Unemployment and redeployment

To begin on a (fairly) upbeat note, it seems that employers no longer look down on out-of-work bankers. The roundtable attendees, who asked not to be named, agreed that there are plenty of quality professionals amongst the current crop of unemployed job seekers. “Many of them have been made redundant through no fault of their own,” sympathised one delegate.

Unfortunately this change in attitude isn’t leading to banks opportunistically taking top talent off the market. The pressure to cut costs is still strong and internal redeployment is now preferred when vacancies crop up. As one panelist remarked: “All jobs must be advertised internally – there is great pressure not to go external.”

HR teams are experiencing high levels of interest from staff in their overseas offices who want to move to Australia. But banks prefer local redeployment whenever possible. “Australia is wrongly still seen as a safe haven. And foreign applicants think they don’t need local experience, when actually they usually do.”

Candidates come calling by phone (and by foot)

The employment market might be in meltdown, but that isn’t stopping unemployed bankers from trying their luck. HR teams are being deluged by floods of speculative CVs. And when emails and phone calls fail to produce the desired response, people are coming in off the street. “Candidates are now even dropping into the office to see us, even when there is no job advertised. We’ve had to brief our reception staff on the best way to deal with these enquiries.”

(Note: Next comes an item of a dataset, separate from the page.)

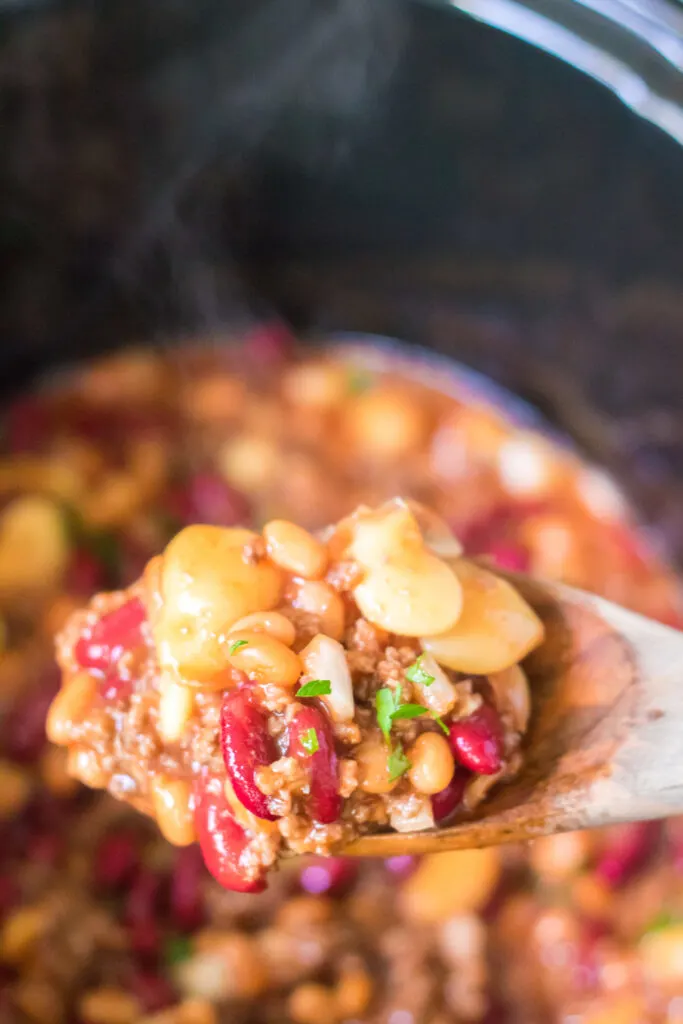 close up of beefy beans on a spoon steamy hot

External recruitment agencies are getting desperate too, as one roundtable attendee bemoaned: “I’ve been inundated with calls from recruiters. It’s almost a full-time job dealing with them. Many are sending float CVs straight to line managers, so we also have to educate the line to send everything directly to us in HR.”

What else does HR do all day?

There might not be much hiring happening, but HR teams (many of which have been trimmed down recently) are also keeping busy with panel reviews, pipelines, redeployment and reporting. “But we’ve not seen a massive increase in UK or US applications – we expected there to be more,” said one delegate.

While recruitment agency fees for junior to mid-range jobs are falling, high-level headhunting remains costly. “We’re not seeing much adjustment in search firm rates, which is frustrating. There is pressure to direct hire and there are some restrictions on using search firms. But we do still need to use them in Australia and across Asia-Pacific. Internal HR teams here generally lack the capacity to carry out many effective searches for themselves.”

A glimmer of hiring hope

There is at least still some opportunistic hiring happening in the private banking sector. Wealth managers who can move their clients’ assets to a new bank (and then generate revenue) are in demand. “It’s all about revenue. There’s pressure to up revenue and reduce costs.”

The second part of our report on the roundtable will appear on Friday and will examine the challenges facing candidates in the finance sector.

Comments (2)

  1. Question for the ’roundtable’ – My position was made redundant and I am very experienced in retail banking, finance and senior management. This has been accrued over 20 years. In lieu of immediately seeking new employement in the current challenging market I decided to go back to study to improve my opportunities. I am studying an MBA and will finish in Sept. this year. Do you think this is strategicaly a good move or should I be shopping myself in the marketplace while I am studying?
    Thanks. Keith.

  2. An interesting quote in there presumably from an HR manager regarding search fees. The depressed market sets up different challenges, and people who are employed may have big questions about going to work for other employers when we see various firms withdrawing from certain markets and some times even withdrawing from Australia. There is still a lot of hiring managers who are disinclined to hire people who have been retrenched and want to hire staff who are currently in work. Many long serving employees with strong networks in the firms that they work for are reluctant to move on for fear of the unknown. The poor state of the market doesn’t mean the search process is easier unless retrenched candidates get a fair crack of the whip which they generally don’t.